Short text fragments from websites:
■ ■ ■ ■

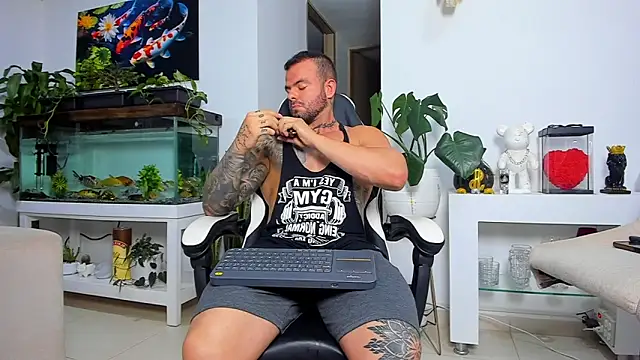 Johnnygrayson1 online show from November 2025 12:43:01 AM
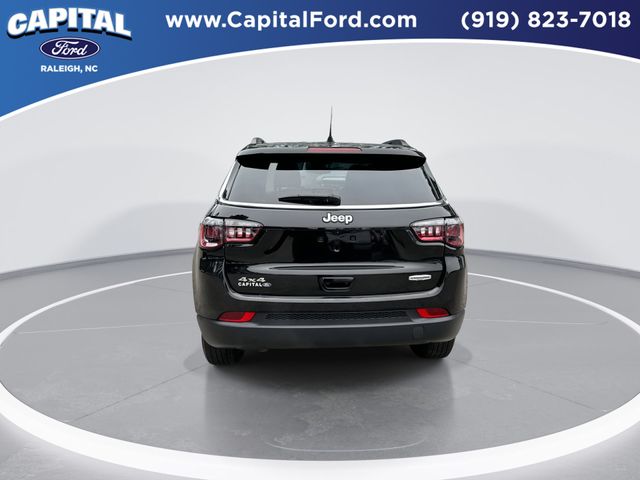 Used 2025 Black Jeep Latitude image 7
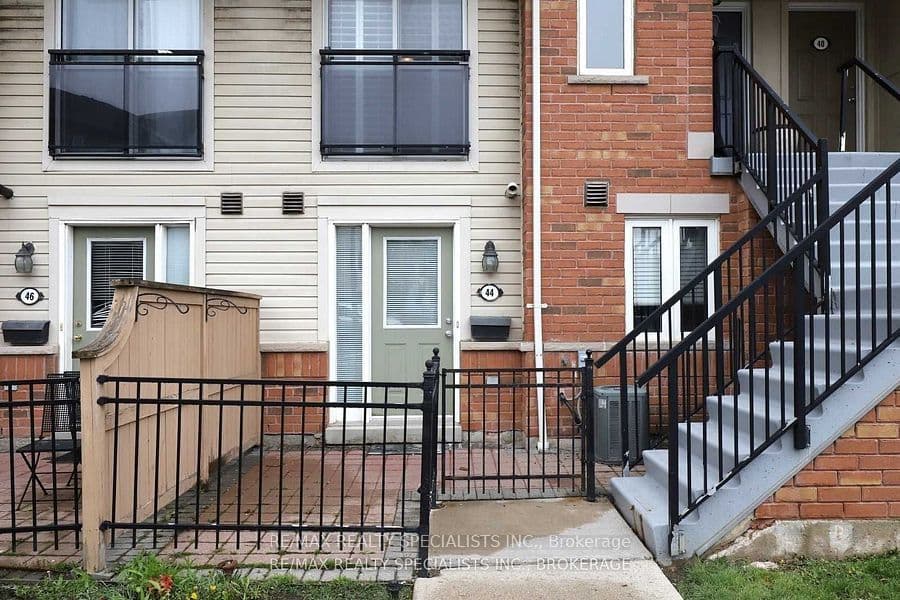 4620 Guildwood Way 44, Mississauga, ON L5R 4H4 – photo 2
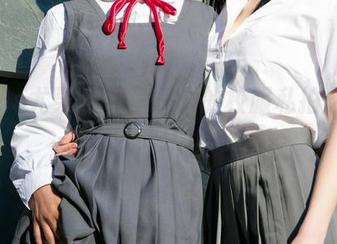 UGirls尤果网 - 李思宁的校服私拍之旅：带你发现别样资源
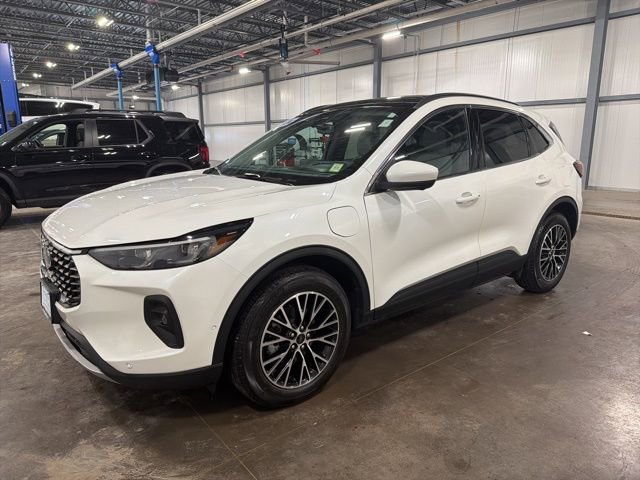 Used 2024 Ford Escape SE w/ PHEV Premium Package image 2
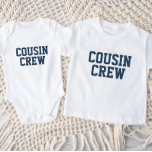 Cousin Crew | Navy Kids Baby T - Shirt<br><div class="desc">Angepasstes, mit "Cousin Crew" personalisiertes Bekleidungsstück oder anderen benutzerdefinierten Text. Verwenden Sie die Entwurfswerkzeuge, um die Textfarben und Schriftart zu bearbeiten oder eigene Fotos hinzuzufügen, um ein benutzerdefiniertes T - Shirt-Design zu erstellen. Wählen Sie aus einer großen Auswahl an T - Shirt, Tanklappen und Sweatshirts für Damen, Herren, Kinder, Kleinkinder...</div>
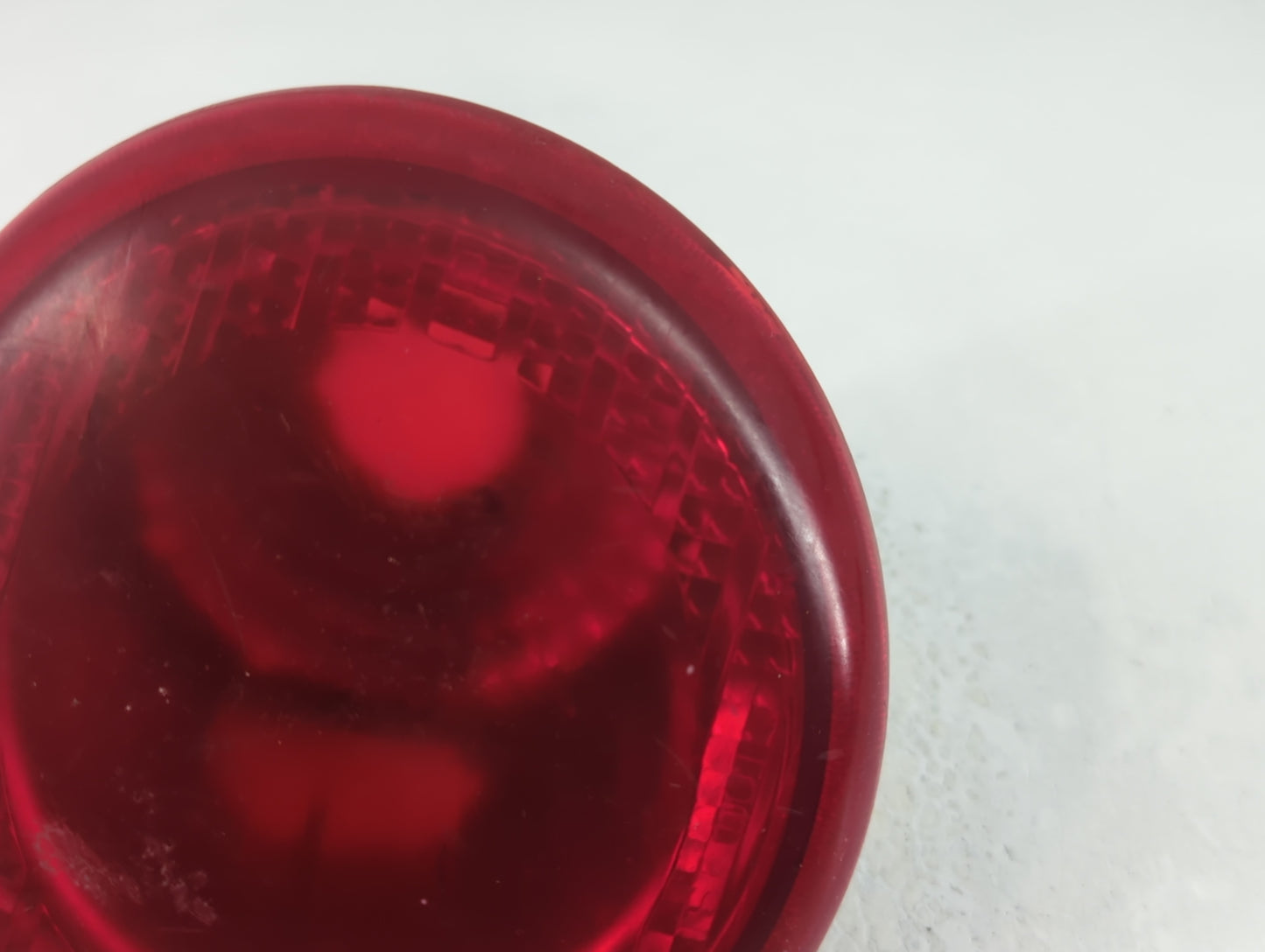 2006-2011 Chevrolet Hhr Rear Center Lid Brake Light Tail Light P/N:1921824 Fits Fits 2006 2007 2008 2009 2010 2011 OEM Used 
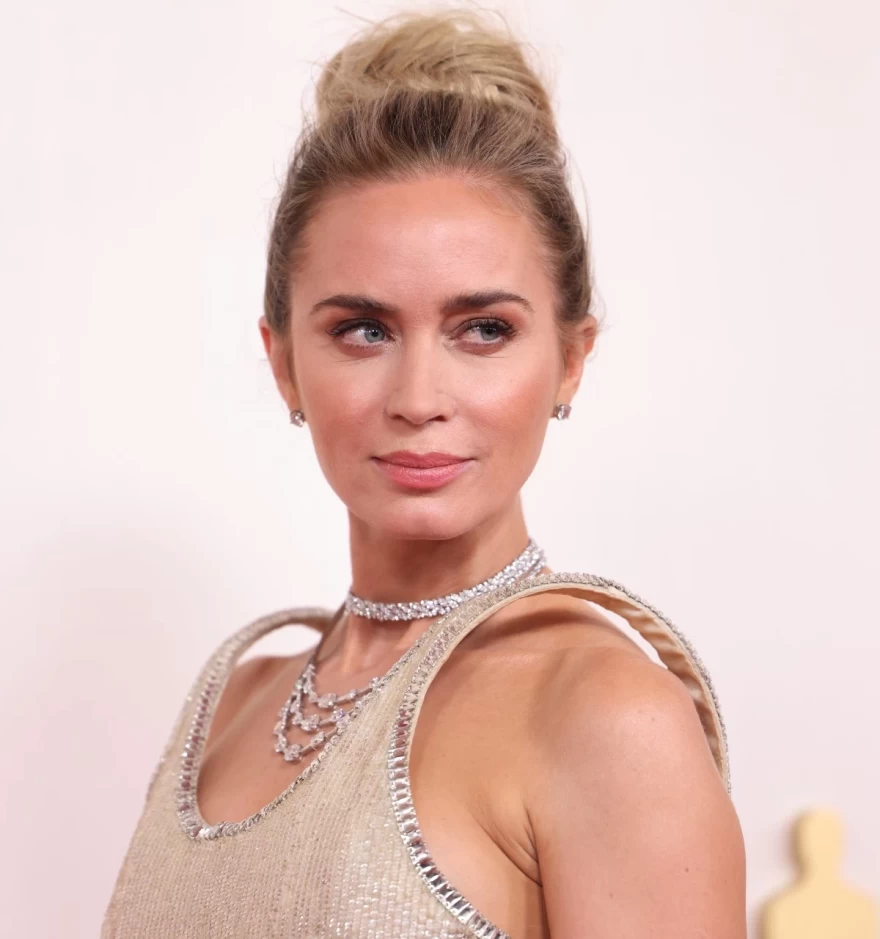 beauty look emily blunt oscar 2024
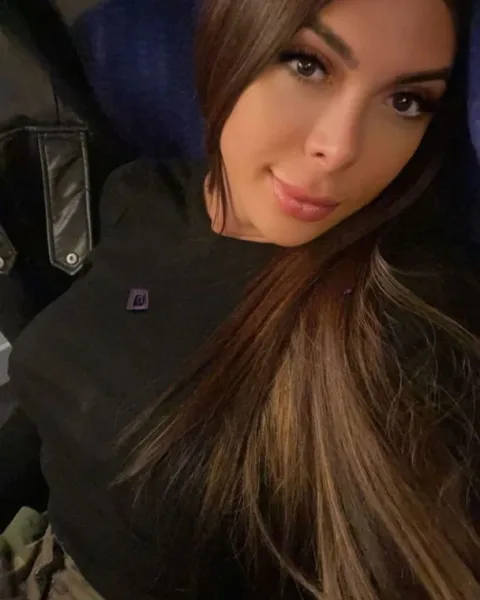 Photo from listing “Sara”, age 27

■ ■ ■ ■

**Problem description**
The range to copy runs from the line with "Cousin Crew |" to the last line of the entries, both included; copy it exactly and leave out the pictures.

**Reply**
 Cousin Crew | Navy Kids Baby T - Shirt<br><div class="desc">Angepasstes, mit "Cousin Crew" personalisiertes Bekleidungsstück oder anderen benutzerdefinierten Text. Verwenden Sie die Entwurfswerkzeuge, um die Textfarben und Schriftart zu bearbeiten oder eigene Fotos hinzuzufügen, um ein benutzerdefiniertes T - Shirt-Design zu erstellen. Wählen Sie aus einer großen Auswahl an T - Shirt, Tanklappen und Sweatshirts für Damen, Herren, Kinder, Kleinkinder...</div>
 2006-2011 Chevrolet Hhr Rear Center Lid Brake Light Tail Light P/N:1921824 Fits Fits 2006 2007 2008 2009 2010 2011 OEM Used 
 beauty look emily blunt oscar 2024
 Photo from listing “Sara”, age 27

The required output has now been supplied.